The April 2014 deadline for compensation claims against BP over its U.S. oil spill is almost certain to be extended, say both side of the legal settlement that governs payouts, possibly into 2015.
The last date for claims, part of the oil company’s settlement last year with individual and business claimants, was always potentially moveable, but like the open-ended nature of its cost that hit home earlier this year, the indefinite extendibility may not have been fully appreciated by long suffering investors, analysts say.
Extension might not make much difference to the total number and cost of relevant claims – $9.6 billion at the end of June and rising – but it would drag on the company’s hopes of leaving behind the wider Gulf of Mexico oil spill litigation saga that has forced it to sell a fifth of the company to fund a $42.4 billion bill so far.
BP long ago slipped from the second-placed status among global oil companies to a distant fourth as the costs of the 2010 oil spill shrank its earning power. In the five months since the settlement re-emerged as a thorn in its side, its shares have slipped by 4.5 percent, a similar performance to bigger rival Shell despite a price-supportive March launch of an $8 billion share buyback.
“I think there is little doubt that the escalation in the dispute over the fairness or otherwise of business claims has cast a cloud over BP’s share price performance in recent months,” said Neill Morton, analyst at Investec in London.
“So the prospect of the claims lasting for longer than is widely expected is not helpful. That said, one has to assume that there is a finite limit to the number of claimants, and that the April deadline will see the vast majority of them submitted.”
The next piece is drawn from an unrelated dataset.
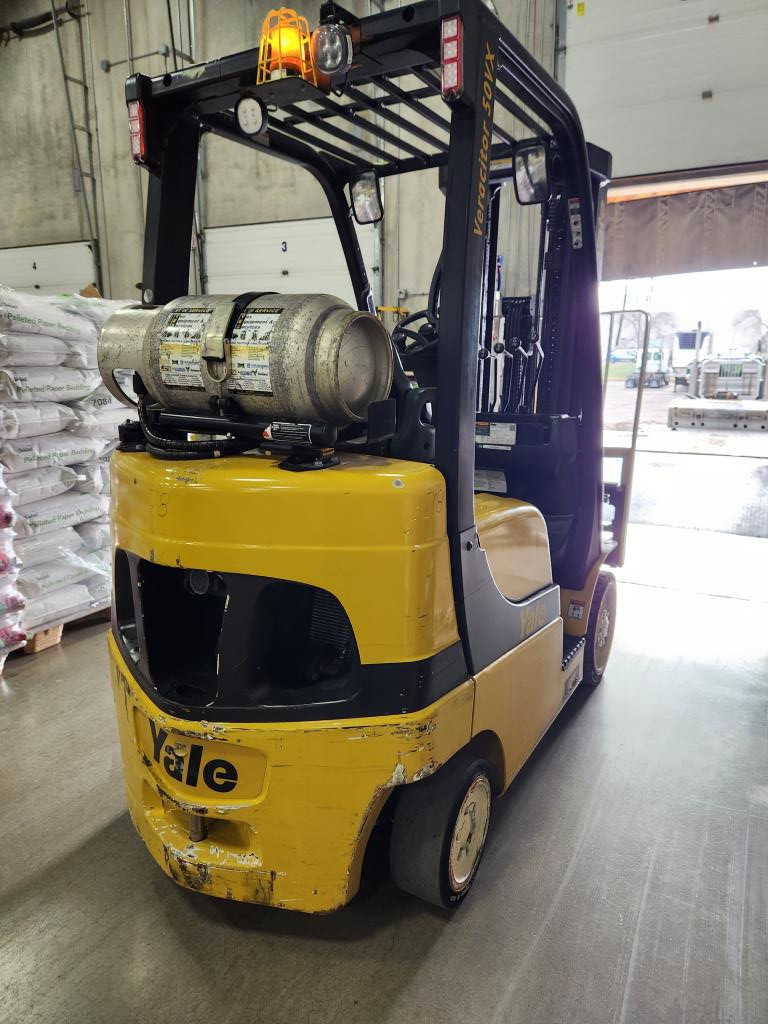2022 Yale GC050VX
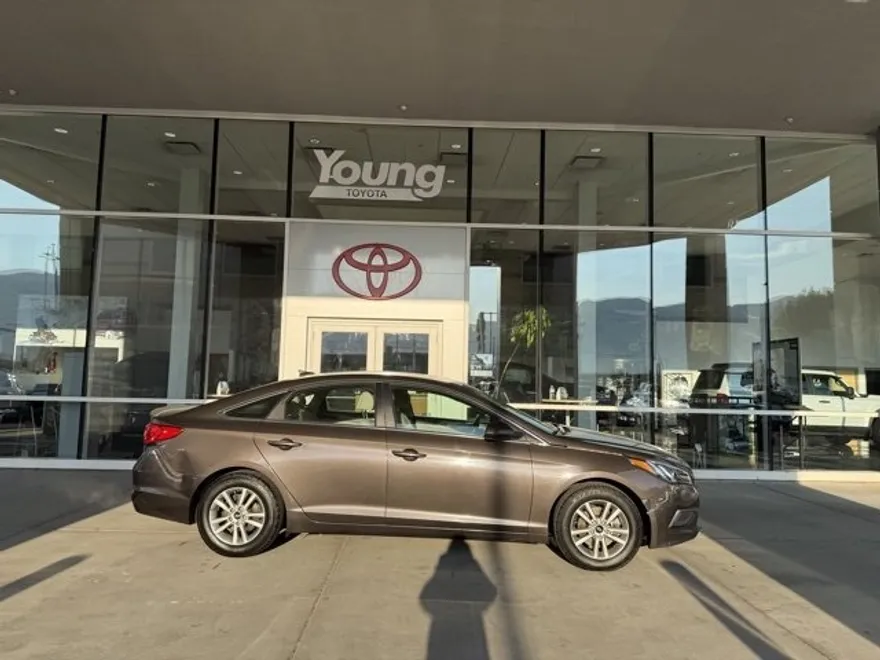 2017 Hyundai Sonata Base photo 1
The terms of the 1,033-page PSC Settlement, signed last year by BP and the Plaintiff’s Steering Committee (PSC), show that the most widely reported deadline, April 22, 2014 is not a fixed date by which claims must be made. It is in fact one of two possible deadlines – the later of which will apply.
The other, now more realistic one, is set as six months after an ‘effective date’, an as yet unknown day by which all legal appeals about the settlement’s validity must have been resolved.
Since the settlement was signed, groups of rebel claimants have filed legal briefs against it. BP has also appealed against the way the settlement is being interpreted.
Lawyers say there is almost no chance these issues will be resolved by Oct. 22, two months from now, six months from April 22, and therefore the last date on which April 22 can be the applicable deadline.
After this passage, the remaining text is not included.